The problem is when I try to combine the two approaches. That is, I
use the matrix algebra above, culminating with V=inv(Vm)*Vr; and I
also try to use an input vector for the frequencies, f = [1 10 100
1000 etc.], rather than a single value such as f = 1000. Matlab
chokes on the Matrix algebra plus input vector. Specifically, what I
get is:

EDU>> f=[1 100 1000 2500];
EDU>> w=2*pi*f;
EDU>> R2=330; R4=1000; c1=1./(j.*w.*470e-9); c2=c1; Vin=1;
EDU>> Vm = [(-1./R2 - 1./c2 - 1./R4) (1./c2 + 1./R4) ; (1./R4) (-1./R4
- 1./c1)];
??? Error using ==> vertcat
All rows in the bracketed expression must have the same
number of columns.

So right here, I'm stuck. I'll played with setting up the matrix in
all kinds of ways -- this posting would run about 500 lines if I
showed all of them -- but could not get this to work. Can someone
kindly show me how to use the input vector f, while retaining the
elegant matrix calculation approach?

In case anyone wants to see the circuit at hand, you can view it at:
http://www.oppenheimercommunications.com/OpAmpProblem.htm

Thanks in advance for all replies.

Steve O.


"Spying On The College Of Your Choice" -- How to pick the college that is the Best Match for a high school student's needs.
www.SpyingOnTheCollegeOfYourChoice.com

 

[Rune Allnor]

Steven O. skrev:

Another question related to my low-pass filter.

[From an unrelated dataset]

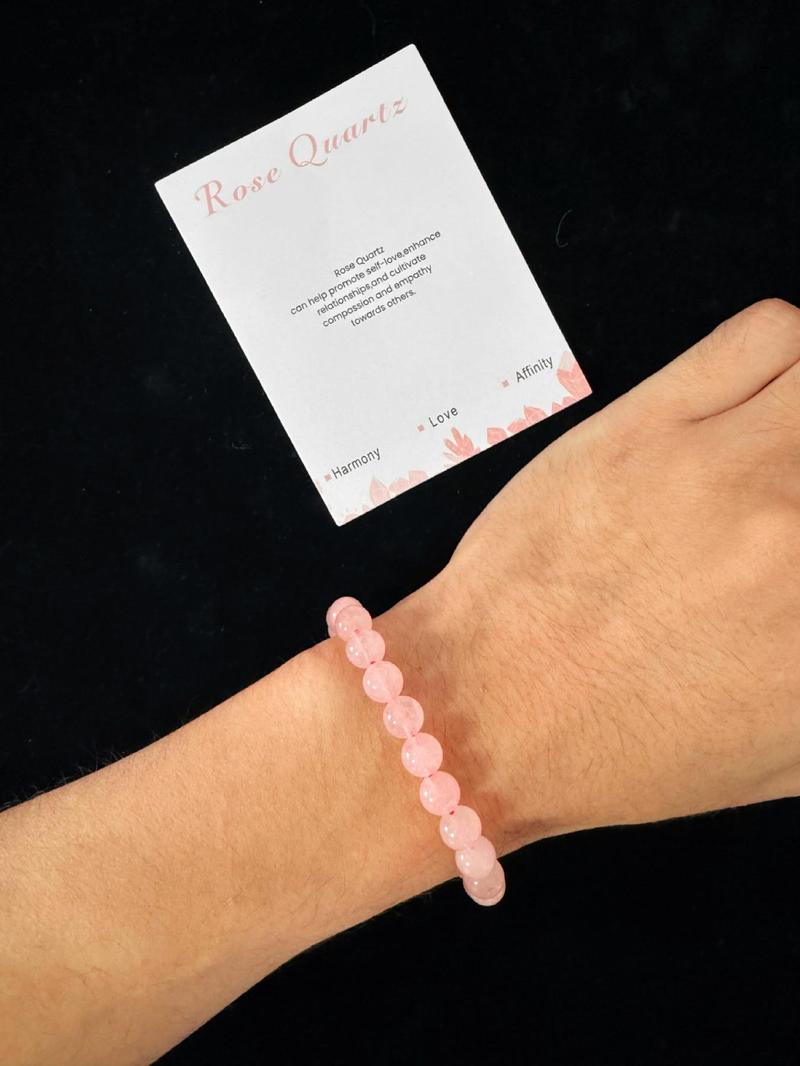 Product Introduction of Pink Crystal Beaded Bracelet, Simple Elastic Bracelet for Women & Men, Fashion Accessories for Daily Wear, Trendy All-match & Exquisite Jewelry for Birthday Gift 2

Basically, I can
calculate the frequency response of the circuit, one frequency at a
time, using Matlab; what I can't figure out is how to use this method
to calculate the response for a whole bunch of frequencies at once.

Usually, nothing is done "at once". One gets an expression H(w) that
varies with angular frequency w, and computes the parameters
one at the time.

Maybe someone can help me out. Here are the calculations for a single
frequency at a time: ....
The second value for "ans" correctly matches the measured output from
the circuit at f = 2500 Hz; it also matches the result if I use the
following equation to calculate the output voltage:
EDU>> % Some pencil and paper work then yields
EDU>> % Vout = (Vin/R2) / [(R4/c1) * (1/R2 + 1/c2) + 1/c1 + 1/R2]

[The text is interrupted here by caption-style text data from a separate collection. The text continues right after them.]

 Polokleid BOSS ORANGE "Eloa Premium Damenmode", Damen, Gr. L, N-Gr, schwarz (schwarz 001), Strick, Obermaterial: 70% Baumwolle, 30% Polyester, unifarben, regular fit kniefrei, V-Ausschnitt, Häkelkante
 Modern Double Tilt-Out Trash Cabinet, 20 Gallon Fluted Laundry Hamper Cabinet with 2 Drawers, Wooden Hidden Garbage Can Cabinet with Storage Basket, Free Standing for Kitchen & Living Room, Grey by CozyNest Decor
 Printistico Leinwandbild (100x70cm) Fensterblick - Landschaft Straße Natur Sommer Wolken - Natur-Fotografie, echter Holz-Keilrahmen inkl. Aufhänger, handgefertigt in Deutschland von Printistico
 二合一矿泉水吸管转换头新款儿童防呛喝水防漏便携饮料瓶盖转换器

So you get a computed result that matches the measuerements?

So far, so good. And, with the formula for Vout, I can use an input
vector f = [1 10 100 1000 etc.] for the input frequencies, and get a
vector for the output voltages. But the fact that I had to work out a
pencil and paper solution for Vout is not elegant.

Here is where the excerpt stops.